▸ **Required work**
No record may be left out; print them all verbatim.

- - - - - - -

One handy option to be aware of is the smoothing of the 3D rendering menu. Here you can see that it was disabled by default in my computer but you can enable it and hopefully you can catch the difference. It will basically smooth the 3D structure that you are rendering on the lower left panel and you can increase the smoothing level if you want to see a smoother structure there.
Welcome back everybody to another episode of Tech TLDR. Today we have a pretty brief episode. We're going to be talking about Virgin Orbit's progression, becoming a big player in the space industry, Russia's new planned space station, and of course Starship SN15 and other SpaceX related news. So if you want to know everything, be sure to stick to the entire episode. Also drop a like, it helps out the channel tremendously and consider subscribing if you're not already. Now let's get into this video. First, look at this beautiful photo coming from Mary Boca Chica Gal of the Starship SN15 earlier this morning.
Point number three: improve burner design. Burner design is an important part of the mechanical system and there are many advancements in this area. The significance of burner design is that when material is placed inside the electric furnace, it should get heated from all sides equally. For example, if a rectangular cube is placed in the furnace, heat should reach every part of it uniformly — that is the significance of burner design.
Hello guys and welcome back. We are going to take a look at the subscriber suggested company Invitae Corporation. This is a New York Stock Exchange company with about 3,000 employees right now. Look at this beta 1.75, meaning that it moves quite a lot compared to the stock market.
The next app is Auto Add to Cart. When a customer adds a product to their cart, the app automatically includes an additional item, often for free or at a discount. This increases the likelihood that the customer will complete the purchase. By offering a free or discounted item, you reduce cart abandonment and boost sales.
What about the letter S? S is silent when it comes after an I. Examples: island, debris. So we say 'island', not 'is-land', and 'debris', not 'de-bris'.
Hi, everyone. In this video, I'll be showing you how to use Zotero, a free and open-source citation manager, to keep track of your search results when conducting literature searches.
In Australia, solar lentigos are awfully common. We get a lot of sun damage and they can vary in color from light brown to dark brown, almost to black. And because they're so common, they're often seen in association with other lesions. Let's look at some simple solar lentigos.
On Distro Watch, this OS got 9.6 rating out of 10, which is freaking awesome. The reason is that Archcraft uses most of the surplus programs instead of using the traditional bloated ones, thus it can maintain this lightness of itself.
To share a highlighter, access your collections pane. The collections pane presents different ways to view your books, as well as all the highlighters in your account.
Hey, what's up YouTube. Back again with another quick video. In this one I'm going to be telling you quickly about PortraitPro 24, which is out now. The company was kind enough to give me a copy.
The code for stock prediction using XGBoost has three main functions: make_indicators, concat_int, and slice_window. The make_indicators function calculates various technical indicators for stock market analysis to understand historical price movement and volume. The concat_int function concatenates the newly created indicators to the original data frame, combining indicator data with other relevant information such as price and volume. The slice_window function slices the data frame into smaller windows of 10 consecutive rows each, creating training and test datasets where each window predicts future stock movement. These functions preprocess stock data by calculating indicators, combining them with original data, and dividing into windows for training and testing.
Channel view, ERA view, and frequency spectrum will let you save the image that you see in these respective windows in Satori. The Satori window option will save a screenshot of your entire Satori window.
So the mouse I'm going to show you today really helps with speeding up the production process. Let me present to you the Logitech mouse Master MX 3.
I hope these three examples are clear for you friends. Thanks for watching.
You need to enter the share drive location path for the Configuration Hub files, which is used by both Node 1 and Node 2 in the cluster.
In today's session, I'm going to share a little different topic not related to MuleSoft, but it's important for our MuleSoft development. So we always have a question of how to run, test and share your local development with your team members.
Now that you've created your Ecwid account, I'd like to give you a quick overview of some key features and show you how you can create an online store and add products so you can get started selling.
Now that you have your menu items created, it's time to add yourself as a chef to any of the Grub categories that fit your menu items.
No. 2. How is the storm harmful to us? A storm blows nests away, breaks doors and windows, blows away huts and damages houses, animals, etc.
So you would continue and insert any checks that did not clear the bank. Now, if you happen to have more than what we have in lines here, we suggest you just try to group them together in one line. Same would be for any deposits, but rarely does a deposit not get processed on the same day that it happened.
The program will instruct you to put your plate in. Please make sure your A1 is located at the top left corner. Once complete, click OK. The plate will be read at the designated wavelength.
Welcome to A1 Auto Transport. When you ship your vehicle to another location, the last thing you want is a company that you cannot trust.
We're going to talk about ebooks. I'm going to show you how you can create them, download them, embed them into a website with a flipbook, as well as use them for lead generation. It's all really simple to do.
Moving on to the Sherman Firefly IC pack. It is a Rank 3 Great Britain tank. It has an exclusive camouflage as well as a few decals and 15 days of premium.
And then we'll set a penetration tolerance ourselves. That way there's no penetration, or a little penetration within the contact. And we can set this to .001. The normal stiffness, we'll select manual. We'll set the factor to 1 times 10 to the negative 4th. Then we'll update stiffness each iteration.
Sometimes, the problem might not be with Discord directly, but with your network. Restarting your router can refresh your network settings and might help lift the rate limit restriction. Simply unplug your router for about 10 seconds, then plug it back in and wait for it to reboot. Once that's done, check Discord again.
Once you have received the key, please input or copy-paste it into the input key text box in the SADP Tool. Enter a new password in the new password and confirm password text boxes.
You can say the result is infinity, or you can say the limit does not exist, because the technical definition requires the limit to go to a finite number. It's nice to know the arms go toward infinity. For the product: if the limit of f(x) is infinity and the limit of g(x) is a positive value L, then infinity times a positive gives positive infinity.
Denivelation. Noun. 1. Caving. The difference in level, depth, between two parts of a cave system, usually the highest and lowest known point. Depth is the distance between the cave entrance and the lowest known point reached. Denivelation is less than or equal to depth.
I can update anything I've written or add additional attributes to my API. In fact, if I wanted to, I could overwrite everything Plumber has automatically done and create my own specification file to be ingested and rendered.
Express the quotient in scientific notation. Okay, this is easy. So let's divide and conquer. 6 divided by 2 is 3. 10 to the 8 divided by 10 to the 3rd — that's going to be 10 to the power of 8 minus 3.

- - - - - - -

▸ **Response to this exercise**
One handy option to be aware of is the smoothing of the 3D rendering menu. Here you can see that it was disabled by default in my computer but you can enable it and hopefully you can catch the difference. It will basically smooth the 3D structure that you are rendering on the lower left panel and you can increase the smoothing level if you want to see a smoother structure there.
Welcome back everybody to another episode of Tech TLDR. Today we have a pretty brief episode. We're going to be talking about Virgin Orbit's progression, becoming a big player in the space industry, Russia's new planned space station, and of course Starship SN15 and other SpaceX related news. So if you want to know everything, be sure to stick to the entire episode. Also drop a like, it helps out the channel tremendously and consider subscribing if you're not already. Now let's get into this video. First, look at this beautiful photo coming from Mary Boca Chica Gal of the Starship SN15 earlier this morning.
Point number three: improve burner design. Burner design is an important part of the mechanical system and there are many advancements in this area. The significance of burner design is that when material is placed inside the electric furnace, it should get heated from all sides equally. For example, if a rectangular cube is placed in the furnace, heat should reach every part of it uniformly — that is the significance of burner design.
Hello guys and welcome back. We are going to take a look at the subscriber suggested company Invitae Corporation. This is a New York Stock Exchange company with about 3,000 employees right now. Look at this beta 1.75, meaning that it moves quite a lot compared to the stock market.
The next app is Auto Add to Cart. When a customer adds a product to their cart, the app automatically includes an additional item, often for free or at a discount. This increases the likelihood that the customer will complete the purchase. By offering a free or discounted item, you reduce cart abandonment and boost sales.
What about the letter S? S is silent when it comes after an I. Examples: island, debris. So we say 'island', not 'is-land', and 'debris', not 'de-bris'.
Hi, everyone. In this video, I'll be showing you how to use Zotero, a free and open-source citation manager, to keep track of your search results when conducting literature searches.
In Australia, solar lentigos are awfully common. We get a lot of sun damage and they can vary in color from light brown to dark brown, almost to black. And because they're so common, they're often seen in association with other lesions. Let's look at some simple solar lentigos.
On Distro Watch, this OS got 9.6 rating out of 10, which is freaking awesome. The reason is that Archcraft uses most of the surplus programs instead of using the traditional bloated ones, thus it can maintain this lightness of itself.
To share a highlighter, access your collections pane. The collections pane presents different ways to view your books, as well as all the highlighters in your account.
Hey, what's up YouTube. Back again with another quick video. In this one I'm going to be telling you quickly about PortraitPro 24, which is out now. The company was kind enough to give me a copy.
The code for stock prediction using XGBoost has three main functions: make_indicators, concat_int, and slice_window. The make_indicators function calculates various technical indicators for stock market analysis to understand historical price movement and volume. The concat_int function concatenates the newly created indicators to the original data frame, combining indicator data with other relevant information such as price and volume. The slice_window function slices the data frame into smaller windows of 10 consecutive rows each, creating training and test datasets where each window predicts future stock movement. These functions preprocess stock data by calculating indicators, combining them with original data, and dividing into windows for training and testing.
Channel view, ERA view, and frequency spectrum will let you save the image that you see in these respective windows in Satori. The Satori window option will save a screenshot of your entire Satori window.
So the mouse I'm going to show you today really helps with speeding up the production process. Let me present to you the Logitech mouse Master MX 3.
I hope these three examples are clear for you friends. Thanks for watching.
You need to enter the share drive location path for the Configuration Hub files, which is used by both Node 1 and Node 2 in the cluster.
In today's session, I'm going to share a little different topic not related to MuleSoft, but it's important for our MuleSoft development. So we always have a question of how to run, test and share your local development with your team members.
Now that you've created your Ecwid account, I'd like to give you a quick overview of some key features and show you how you can create an online store and add products so you can get started selling.
Now that you have your menu items created, it's time to add yourself as a chef to any of the Grub categories that fit your menu items.
No. 2. How is the storm harmful to us? A storm blows nests away, breaks doors and windows, blows away huts and damages houses, animals, etc.
So you would continue and insert any checks that did not clear the bank. Now, if you happen to have more than what we have in lines here, we suggest you just try to group them together in one line. Same would be for any deposits, but rarely does a deposit not get processed on the same day that it happened.
The program will instruct you to put your plate in. Please make sure your A1 is located at the top left corner. Once complete, click OK. The plate will be read at the designated wavelength.
Welcome to A1 Auto Transport. When you ship your vehicle to another location, the last thing you want is a company that you cannot trust.
We're going to talk about ebooks. I'm going to show you how you can create them, download them, embed them into a website with a flipbook, as well as use them for lead generation. It's all really simple to do.
Moving on to the Sherman Firefly IC pack. It is a Rank 3 Great Britain tank. It has an exclusive camouflage as well as a few decals and 15 days of premium.
And then we'll set a penetration tolerance ourselves. That way there's no penetration, or a little penetration within the contact. And we can set this to .001. The normal stiffness, we'll select manual. We'll set the factor to 1 times 10 to the negative 4th. Then we'll update stiffness each iteration.
Sometimes, the problem might not be with Discord directly, but with your network. Restarting your router can refresh your network settings and might help lift the rate limit restriction. Simply unplug your router for about 10 seconds, then plug it back in and wait for it to reboot. Once that's done, check Discord again.
Once you have received the key, please input or copy-paste it into the input key text box in the SADP Tool. Enter a new password in the new password and confirm password text boxes.
You can say the result is infinity, or you can say the limit does not exist, because the technical definition requires the limit to go to a finite number. It's nice to know the arms go toward infinity. For the product: if the limit of f(x) is infinity and the limit of g(x) is a positive value L, then infinity times a positive gives positive infinity.
Denivelation. Noun. 1. Caving. The difference in level, depth, between two parts of a cave system, usually the highest and lowest known point. Depth is the distance between the cave entrance and the lowest known point reached. Denivelation is less than or equal to depth.
I can update anything I've written or add additional attributes to my API. In fact, if I wanted to, I could overwrite everything Plumber has automatically done and create my own specification file to be ingested and rendered.
Express the quotient in scientific notation. Okay, this is easy. So let's divide and conquer. 6 divided by 2 is 3. 10 to the 8 divided by 10 to the 3rd — that's going to be 10 to the power of 8 minus 3.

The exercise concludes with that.